Data supplied ->
# # # # # # #

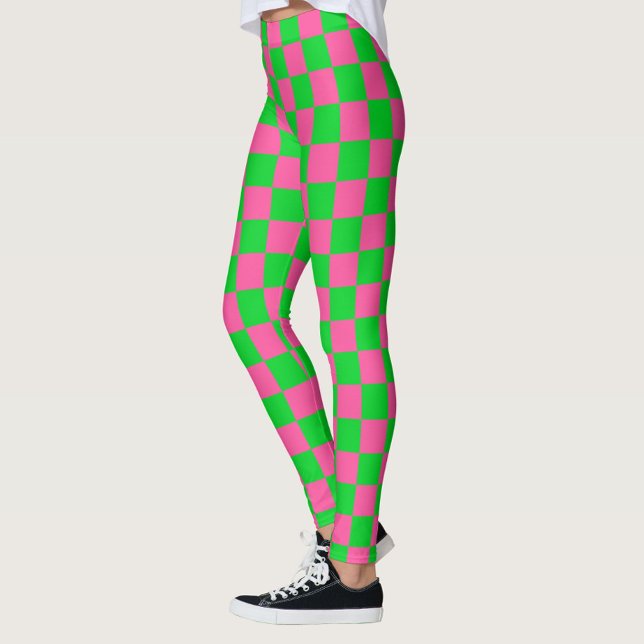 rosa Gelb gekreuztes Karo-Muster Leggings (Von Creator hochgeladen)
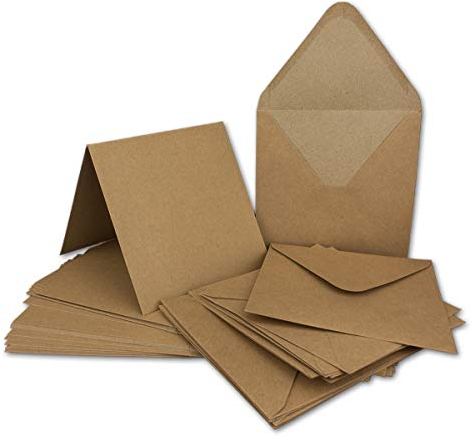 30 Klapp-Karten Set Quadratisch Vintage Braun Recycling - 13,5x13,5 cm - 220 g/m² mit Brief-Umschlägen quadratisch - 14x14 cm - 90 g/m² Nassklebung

# # # # # # #

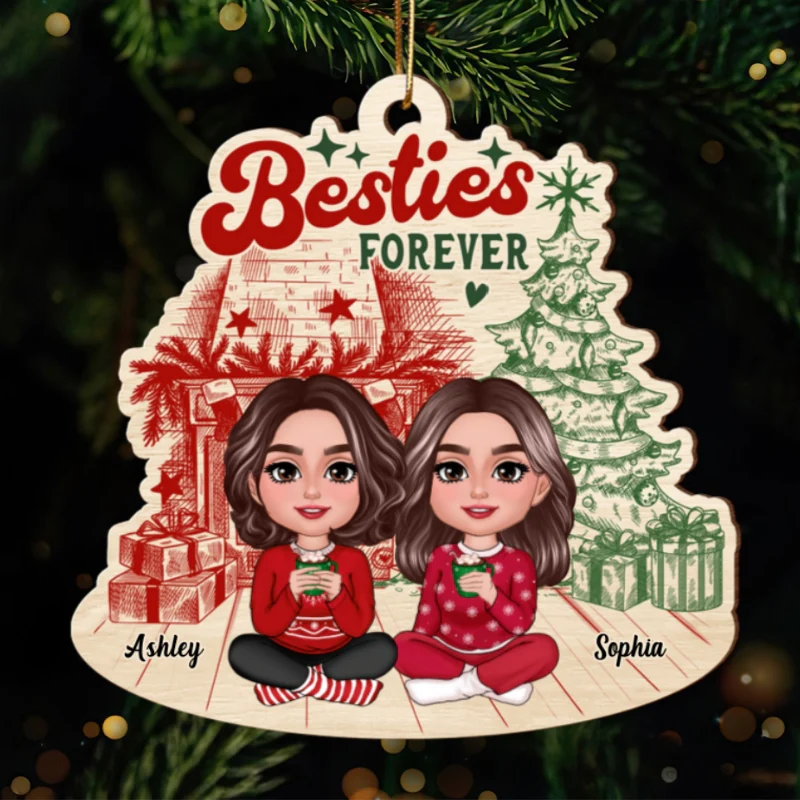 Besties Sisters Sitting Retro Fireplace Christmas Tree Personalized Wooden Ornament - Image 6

# # # # # # #

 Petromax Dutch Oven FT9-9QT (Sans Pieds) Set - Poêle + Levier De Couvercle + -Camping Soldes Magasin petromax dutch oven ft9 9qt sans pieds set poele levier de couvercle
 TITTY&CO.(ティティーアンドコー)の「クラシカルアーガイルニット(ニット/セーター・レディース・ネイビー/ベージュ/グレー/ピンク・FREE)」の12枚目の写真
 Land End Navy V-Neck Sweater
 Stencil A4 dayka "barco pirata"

# # # # # # #

All pictures are to be skipped. Output, word for word, the lines in the data above starting at the line containing "rosa Gelb gekreuztes" and ending at the line containing "30 Klapp-Karten Set".

Response ->
 rosa Gelb gekreuztes Karo-Muster Leggings (Von Creator hochgeladen)
 30 Klapp-Karten Set Quadratisch Vintage Braun Recycling - 13,5x13,5 cm - 220 g/m² mit Brief-Umschlägen quadratisch - 14x14 cm - 90 g/m² Nassklebung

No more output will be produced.